Only the lines from the one that contains "असंगठित क्षेत्र के" through the last line of the data below should be duplicated, exactly and without pictures.

**Data under study**
_ _ _ _

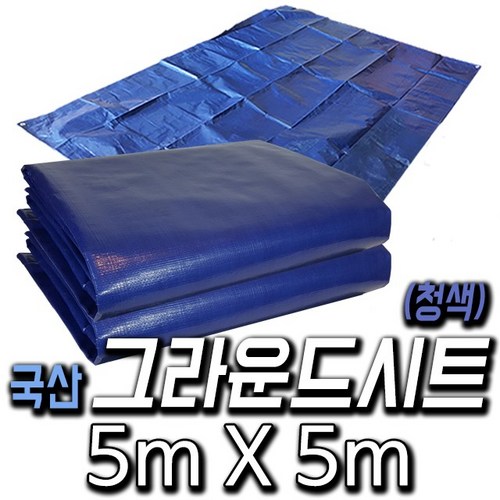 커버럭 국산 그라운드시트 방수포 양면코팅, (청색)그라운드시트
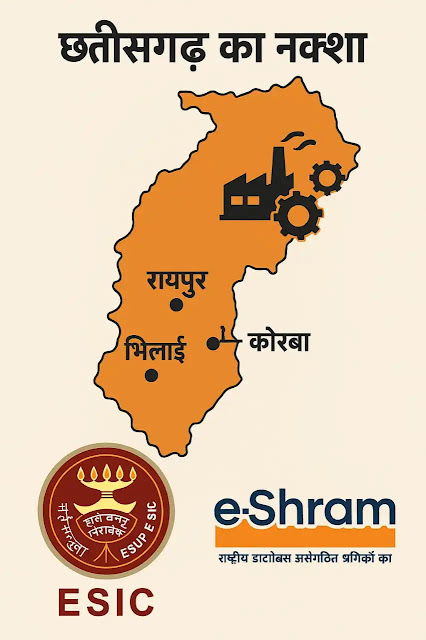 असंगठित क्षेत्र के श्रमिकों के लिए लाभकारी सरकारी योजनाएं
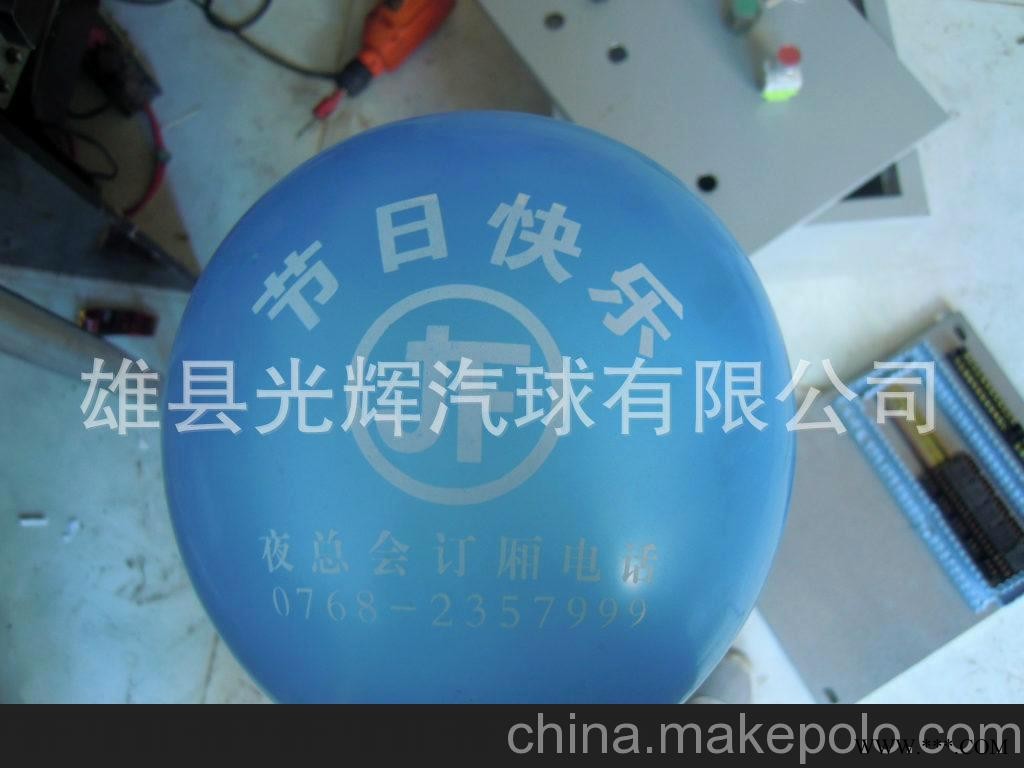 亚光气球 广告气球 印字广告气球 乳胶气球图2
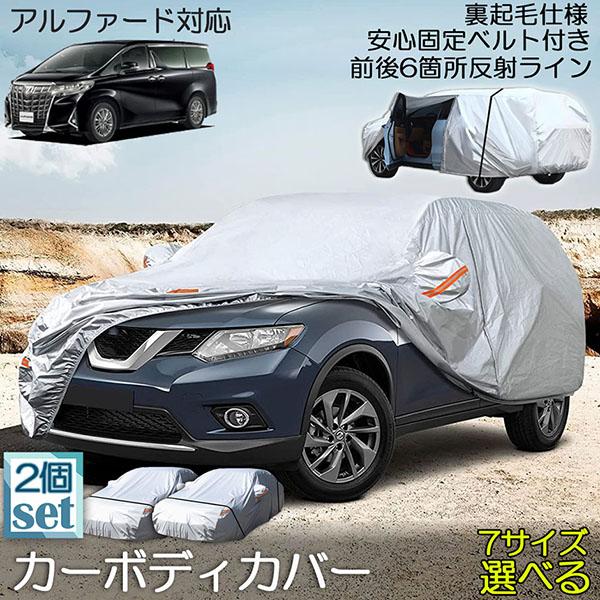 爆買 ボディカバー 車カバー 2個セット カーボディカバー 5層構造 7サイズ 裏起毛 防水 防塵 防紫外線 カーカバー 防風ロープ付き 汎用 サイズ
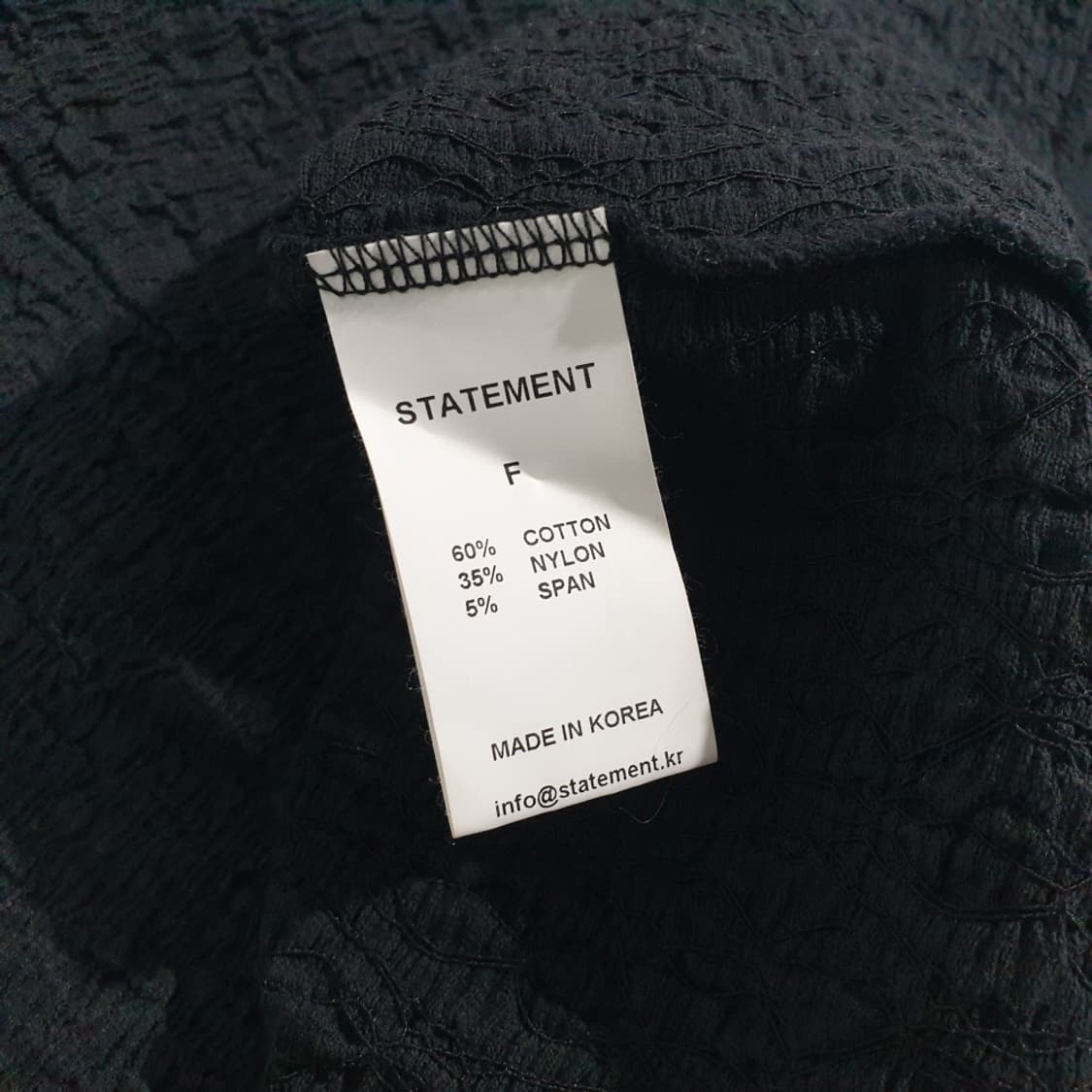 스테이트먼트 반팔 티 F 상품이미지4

_ _ _ _

**Your response**
 असंगठित क्षेत्र के श्रमिकों के लिए लाभकारी सरकारी योजनाएं
 亚光气球 广告气球 印字广告气球 乳胶气球图2
 爆買 ボディカバー 車カバー 2個セット カーボディカバー 5層構造 7サイズ 裏起毛 防水 防塵 防紫外線 カーカバー 防風ロープ付き 汎用 サイズ
 스테이트먼트 반팔 티 F 상품이미지4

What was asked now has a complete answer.